The below image shows our accuracy score for this decision tree as well as the confusion matrix:
We see a decent accuracy score along with a simpler confusion matrix
This tree is more complex due to the max leaf nodes being increased to 29 (again, this hyperparameter was adjusted and could not be improved substantially by altering this number). However, note that there are only two classes for this tree’s predictions (1 if a player placed in the top four and 0 otherwise). We see the root node shows that the first split is whether or not a team contained the ‘BloodHunter’ trait, and every subsequent node shows a different trait and/or values for that trait that are important in determining placement. The tree effectively shows which traits synergize well. Bloodhunter is the most important trait towards determining a top-four placement. If Watchers is run, it is also imporant to have Martialists, or else one can likely expect poor performance, for example.
The accuracy score of almost 67% shows substantial improvement over our first decision tree model. However, 1 out of every three data points are still misclassified by this model. This improvement in performance is likely due largely to the fact that we are only predicting binary performance and not trying to find specific placement, which is a more difficult task. Allowing a larger tree would likely help (at the cost of interpretability), and of course adding richer features may also go a long way to improving accuracy.
Decision Tree 3
Below is a visualization of our third and final decision tree:
This decision tree classifies player placement based only on the units they fielded. This tree, like our first, tries to predict placement.
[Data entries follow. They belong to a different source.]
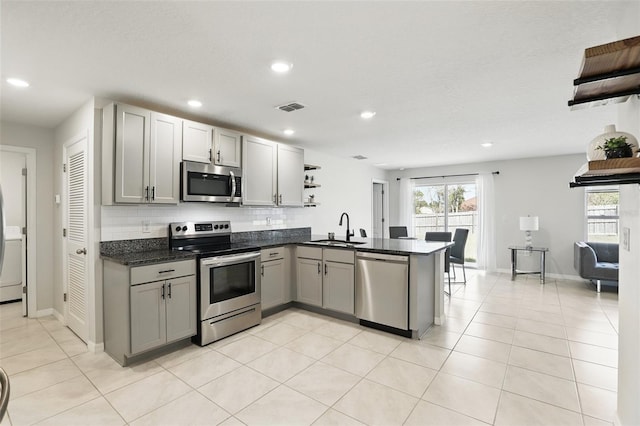 223 Courtland Blvd, Deltona, FL 32738 - kitchen featuring a peninsula, open shelves, visible vents, appliances with stainless steel finishes, and a sink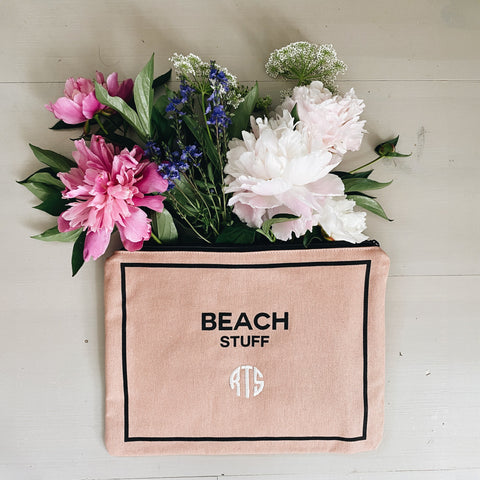 Bag-all pink monogram beach pouch with waterproof lining shown with decorative flowers, featuring "BEACH STUFF" text and personalized initials, perfect for storing beach essentials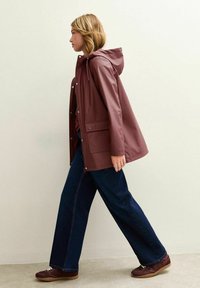 Bordeaux regnjacka med huva, tryckknappar och framfickor, som matchas med lösa mörka jeans och bruna skor.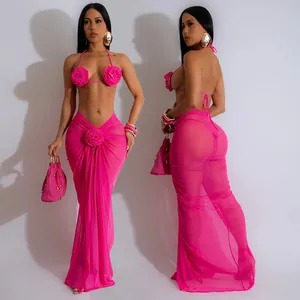 Side and front view detailing the 3D floral motifs on this pink mesh three-piece set.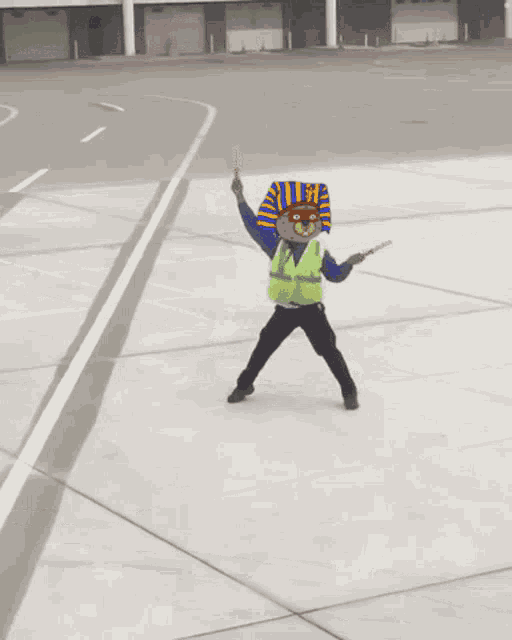 a man with a pharaoh mask on his head is holding a red baton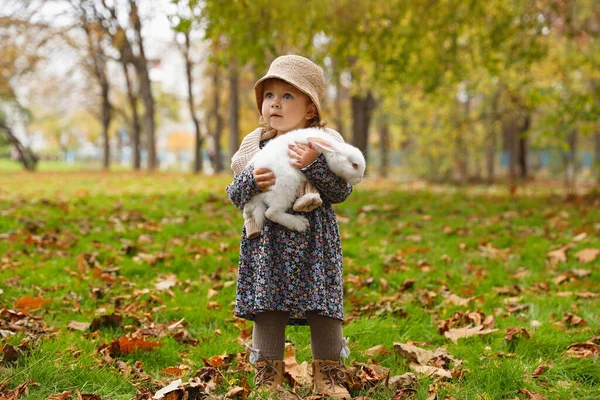 秋の公園でかわいい白いウサギと一緒に歩く女の子 — ストック写真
The below image shows our accuracy score for this decision tree as well as the confusion matrix:
We see a very low accuracy score and a complex confusion matrix. Again note that the darkest colors are either in the top left or the bottom right of the matrix, signifying that the tree is most accurate at predicting either first or last place, but is very inaccurate otherwise.
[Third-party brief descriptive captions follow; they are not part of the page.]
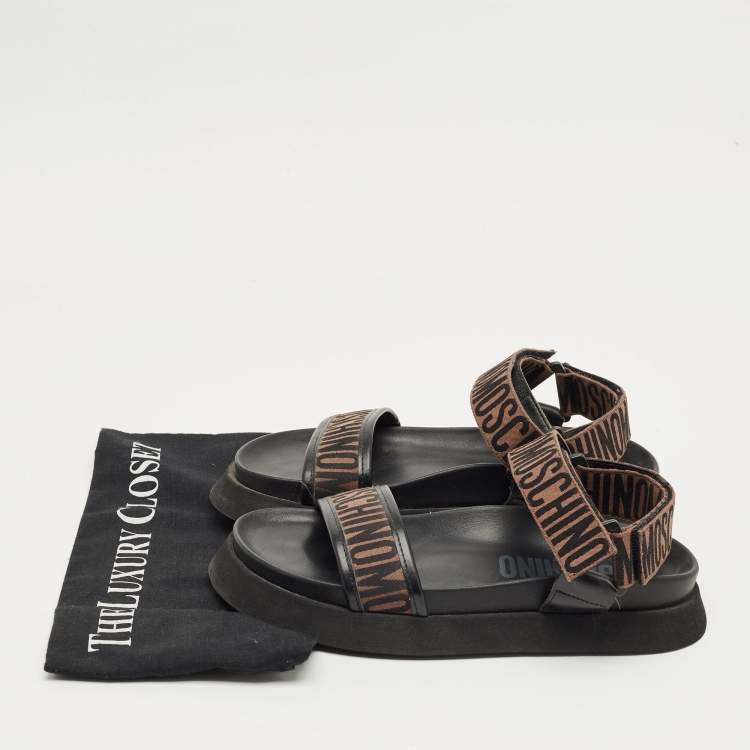 Pre Owned Moschino Brown/Black Canvas Logo Ankle Strap Flat Sandals Size 37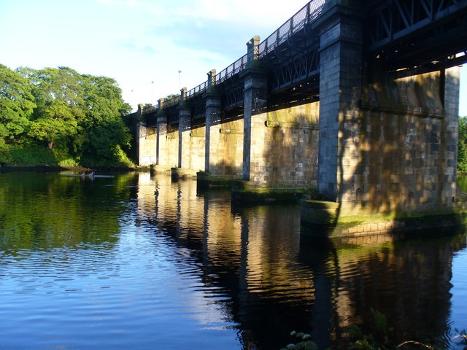 Railway Bridge Over the Dee : The downstream side of the railway bridge catches the evening light. The river is tidal here and is used for recreation - anglers and rowers.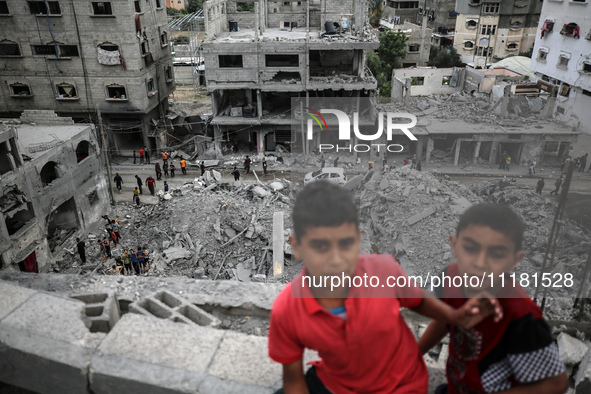 Palestinians are checking the damage in a house that was destroyed by an overnight Israeli bombardment in Nuseirat camp in the central Gaza...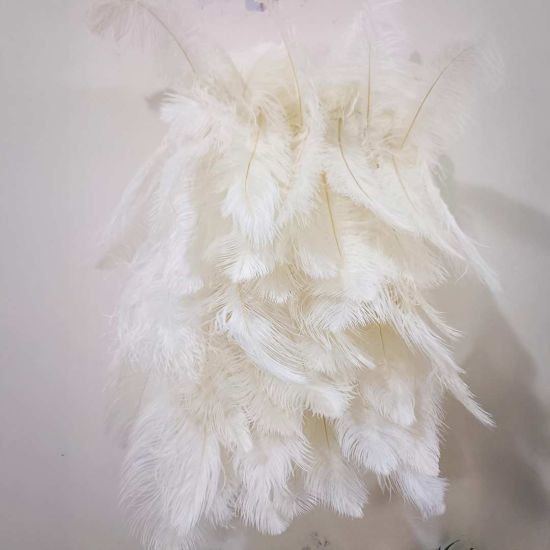 White feather-style plume wall backdrop with layered soft texture, elegant wedding photo backdrop panel for events and stages.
This tree is capped at 8 leaves (again, hyperparameter tuning did not significantly improve accuracy score). Note that many placement classes (3, 5, 6, and 7) do not even have a leaf, and are never predicted by the model. The root node splits at Warwick, indicating that this is the most important unit in terms of predicting placement - boards without Warwick tend to place low. Boards without Warwick and Victor tend to place last overall. A common success pattern appears to be Warwick, Viktor, MissMage and Rumble together, which commonly shows a first place victory. These are valuable insights to predicting first and last place finishes even if the model is extremely weak at predicting any placements in between.
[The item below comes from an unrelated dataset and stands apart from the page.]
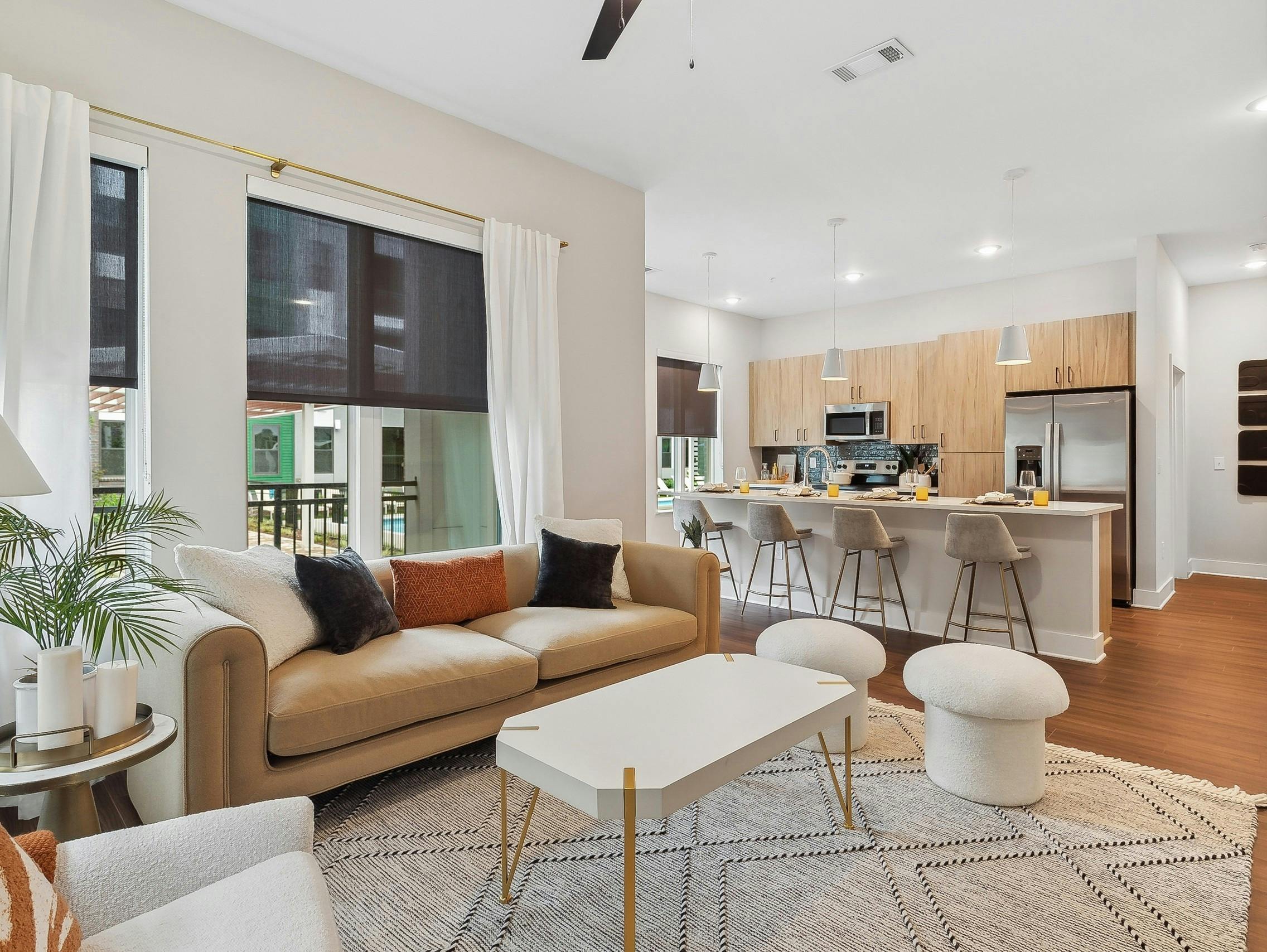 AMLI Flatiron living room with a beige sofa with orange and black pillows and a white coffee table with view of kitchen in rear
The accuracy score of the tree overall is about 20%, meaning it is only marginally better than randomly guessing placement, unfortunately. We see the highest recall score and the darkest color in the confusion matrix at the bottom right hand corner (recall of 69% for 8th place), indicating that the tree is best at spotting boards that will place last. Every other placement prediction is likely to be untrue. Adding leaves to the tree, adding more information for the tree to learn from, and adjusting more hyperparameters so the tree can make smarter split decisions could all potentially improve this model.